1. one month before the-day

13 1 0
                                    

Terlalu banyak hal berharga untuk di jadikan highlight hidup
.
.
.

"Gimana kabar lo Na?" Tanya laki-laki berambut coklat gelap, sebut saja Sanja.

"lo kuker banget nanyain kabar, Baru juga ketemu kemarin." Kata gadis berambut coklat terang dengan mata hazel, sebut saja Senja.

Mereka berdua bukan kembar. Hanya mirip pada nama saja. Senja-sanja, serasih bukan. Aruna tahu kalau senja suka pada sanja, Begitupun sebaliknya. hanya saja, mereka terlalu gensi untuk mengungkapkan bahwa mereka saling suka.

Aruna tersenyum sambil mengambil sebotol air mineral di vending machine.

"Kabar gue? Hmm, bisa dibilang baik bisa dibilang nggak." Jawabnya seraya membuka segel air mineral lalu meneguk air mineral dingin itu.

Dia menghembuskan nafas kasar dan mengalihkan pandangannya ke ruang guru. Ada murid baru disana. Kalau di dunia novel sih anak baru = gebetan baru.

Mereka berjalan menyusuri koridor A dan memasuki kelas. Aruna duduk di bangku tengah barisan ke 3, tahta anak ranking sedang.

Saat duduk, Aruna tidak sengaja melihat tulisan di meja tempat ia belajar.
"tugas hari Rabu.
Fisika hal 166
Biologi hal 152
Jangan lupa di kerjain!"

Sang empu tersenyum, dia tahu orang yang menulis note ini adalah teman sebangku nya, Haka.

Dia sudah pasti mengerjakan tugas-tugas itu. Aruna tidur di meja tanpa sadar kalau bangku disebelahnya sudah di tempati, tapi bukan Haka yang ada disitu, melainkan murid baru... YA MURID BARU!.
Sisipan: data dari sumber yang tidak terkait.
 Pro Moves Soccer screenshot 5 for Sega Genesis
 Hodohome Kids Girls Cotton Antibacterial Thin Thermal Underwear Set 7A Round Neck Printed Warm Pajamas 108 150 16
Anak baru ini sangat tampan. Memakai seragam SMA putih abu, dilengkapi rompi biru dongker dan sepatu NB.

Bisikan dan pujian membanjiri kelas kami tatkala murid baru ini duduk di kelasku. Aku heran mengapa 'dia' sangat hits. Ya kalau dilihat wajahnya sih memang tampan, tapi kan gak mungkin cuma wajah saja.

Telinganya di sumpalkan earpods mungkin karna itu ia gak menoleh ke sumber suara yang sangat bising.

"Haiii sayangnya Haka." Aruna mencari sumber suara itu. Ah.. itu Haka, manusia random yang sudah sedia menemaninya dari masa SMP.


"Aku gak suka dipanggil sayang, tapi kalau kamu aku rela dipanggil sayang selama-lamanya." Oh jelas sekali itu bukan jawaban Aruna, melainkan Saka.

Saka juga bocah random dan receh semuka bumi, masa karna balon jatoh aja dia tertawa sampai nangis. Sungguh, itulah Saka Agustina.

"Hii, tumben telat." Jawab Aruna. Haka mengeluarkan kotak makan berbentuk semangka dan menaruhnya di atas meja.

"Gue tahu lo pasti gak sarapan. Makanya gue siapin roti selai kacang sama koko kran."

Entah Aruna yang terlalu kalut atau Haka yang terlalu khawatir, sampai-sampai mereka melupakan si anak baru yang tengah berada di antara mereka berdua.

Anak baru itu mengambil roti selai di kotak makan Haka lalu memakannya.

"Heh anjir! enak aja main makan! Gue udah susah-susah buat ini dari subuh, lu main makan aja!!" Haka mengambil setengah roti yang masih tersisa di ujung mulut anak baru lalu membentaknya.

"INI TUH ROTI KESUKAAN Aruna sayang." Haka memelankan suaranya ketika menyebut nama Aruna. Aruna? Dia malah terkekeh geli.

Anak baru itu menyenderkan bahu nya pada kursi dengan tangan di atas dada lalu menatap Haka datar seolah-olah berkata "terus masalahnya apa?"